Buscarita Roa, 85 ans, milite dans l’association depuis 41 ans. Malgré le temps qui passe, elle lutte toujours pour restituer l’identité des bébés volés pendant la dictature. Ils sont aujourd’hui âgés d’une quarantaine d’années : « Je poursuis les recherches, car il ne reste plus autant de Grands-Mères qu’avant. Autrefois, nous étions très nombreuses, maintenant, les Grands-Mères disparaissent avec le temps. Mais moi, je ne laisserai pas le combat prendre fin avant d’avoir retrouvé le dernier enfant d’opposants disparus. Tant que je serai en vie, je continuerai. Et ensuite, les enfants retrouvés prendront le relais. »
1978, en pleine dictature, José Poblete, le fils de Buscarita, est arrêté avec sa femme et leur petite-fille. Il a 23 ans. Depuis, Buscarita Roa n’a plus jamais reçu de nouvelles du couple. Elle ne sait toujours pas ce qui leur est arrivé. Cette Chilienne d’origine se rappelle l’engagement politique de son fils José : « Mon fils aimait être un révolutionnaire. Je crois qu’il avait à peu près 13 ans quand il donnait des cours à notre domicile à des enfants déscolarisés de familles très pauvres. Il avait cette tendance à agir pour les autres. Il nourrissait beaucoup d’idéaux. Il aimait la politique, bien sûr, et cela a été son plus grand tort. C’est ce qui lui a coûté la vie. »

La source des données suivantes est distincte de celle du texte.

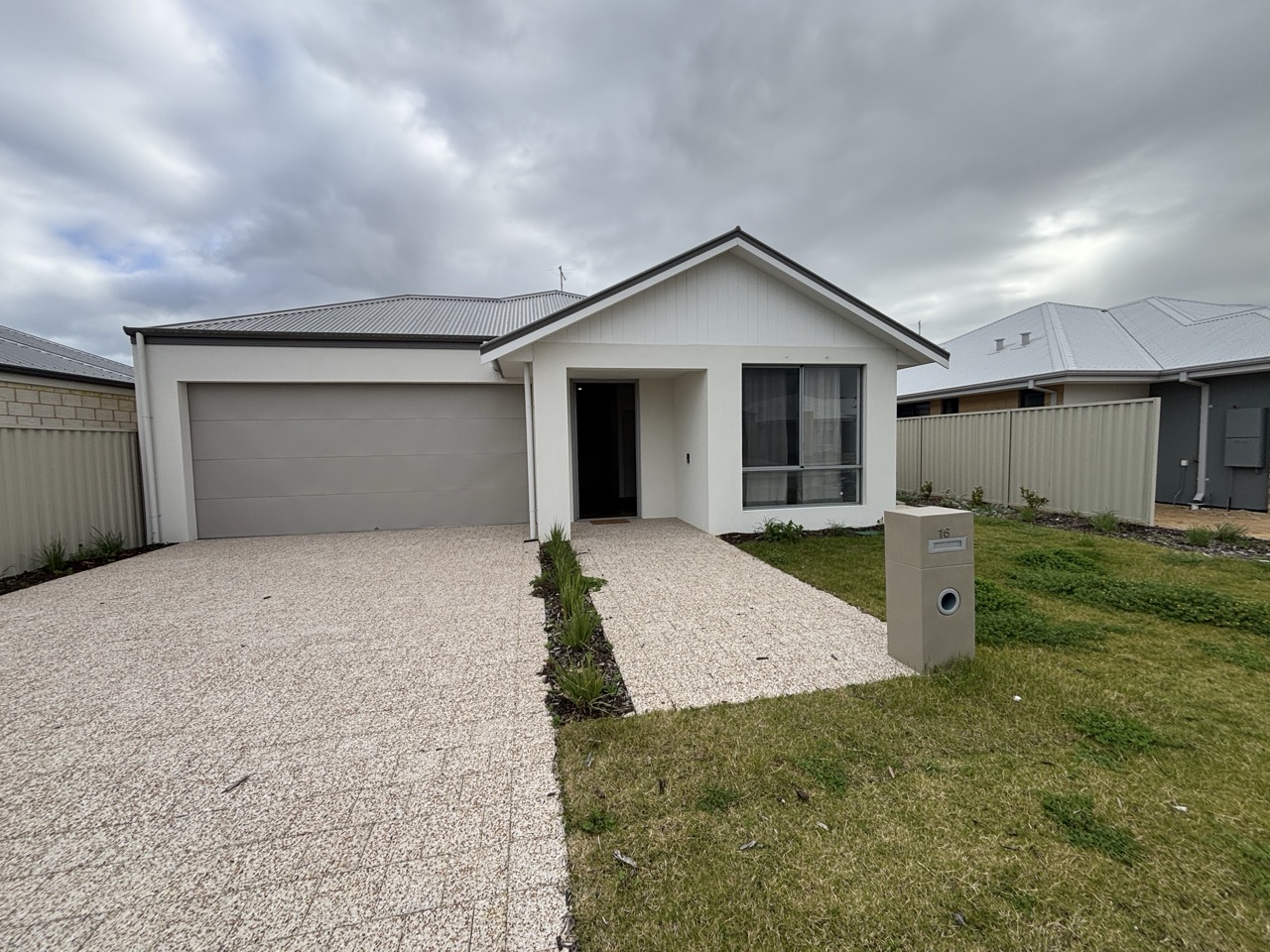 Golden Bay SDA House in Madora Bay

Des petits-enfants retrouvés grâce à des tests ADN
José et sa femme Gertrudis Hlaczik sont toujours portés disparus. Pendant des années, Buscarita Roa a mené une lutte acharnée pour retrouver sa petite-fille, enlevée à l’âge de huit mois. Mais en 1999, la justice retrouve sa trace grâce à une dénonciation confirmée par des tests ADN. Buscarita se souvient encore de la première rencontre avec Claudia, sa petite-fille : « Eh bien, ma réaction a été celle de n’importe quelle mère ou grand-mère qui a recherché pendant tant d’années un enfant enlevé si petit. Cela a été une joie de la retrouver alors qu’elle était devenue une femme. C’est un mélange de sentiments : d’un côté la joie et de l’autre la peine de ne pas avoir pu l’élever après la mort de ses parents. »
Claudia Poblete Hlaczik a été élevée par un couple proche de la junte au pouvoir. Elle pensait être leur enfant biologique. Dans sa famille, on ne parlait pas vraiment du sort des 30 000 disparus. Alors rien ne lui laissait penser qu’elle pouvait être l’un des bébés volés pendant la dictature.

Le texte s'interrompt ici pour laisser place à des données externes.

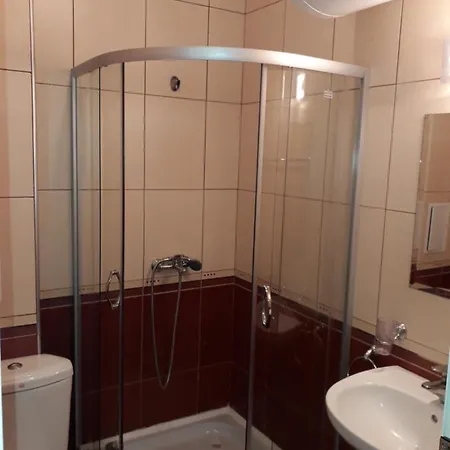 Apartment Ganz Real Estate 2 *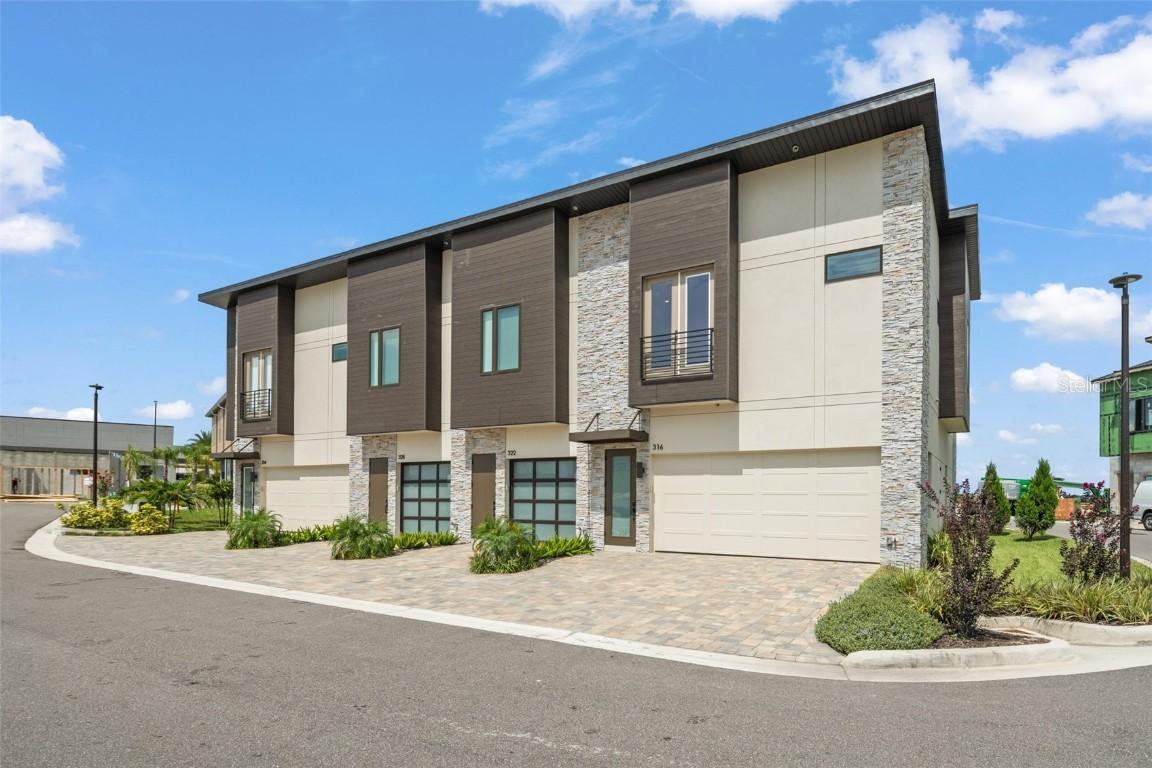 316 Chicane Cir. #11, Auburndale, FL 33823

« Parmi les indices qui m’ont mis la puce à l’oreille, il y avait le fait que le couple qui m’a élevée était très âgé et cela générait chez moi un certain mal-être. Ils étaient plus vieux que les parents de mes amis. Tout le monde s’en rendait compte et moi, j’avais du mal à l’expliquer. Mais au-delà de ça, jamais, je n’avais pensé que je pouvais être la fille de disparus. Je ne savais même pas que c’était possible. Je ne l’ai su que bien plus tard. »
Prendre la relève des Grands-Mères
Aujourd’hui, Claudia n’a plus aucun contact avec ceux que la société argentine a choisi de désigner comme les « apropiadres », ces couples qui se sont illégalement approprié des enfants. Elle entend désormais prendre la relève Grands-Mères : « Je suis membre de l’organisation des Grands-Mères de la place de Mai depuis cette année. Je tiens à transmettre l’importance de récupérer sa véritable identité. Les années passent, et au-delà du fait que les Grands-Mères prennent de l’âge, j’ai compris à travers mon expérience à quel point il est important de connaître la vérité. Le travail des Grands-Mères m’inspire, et il inspire aussi les autres enfants de disparus. J’aimerais ajouter ma pierre à l’édifice pour que nous puissions tous les retrouver. »
Les ADN des proches de disparus sont conservés dans une banque de données. Ainsi, même si une grand-mère décède, des tests pourront toujours être menés pour rendre aux bébés volés, devenus adultes, leur véritable identité.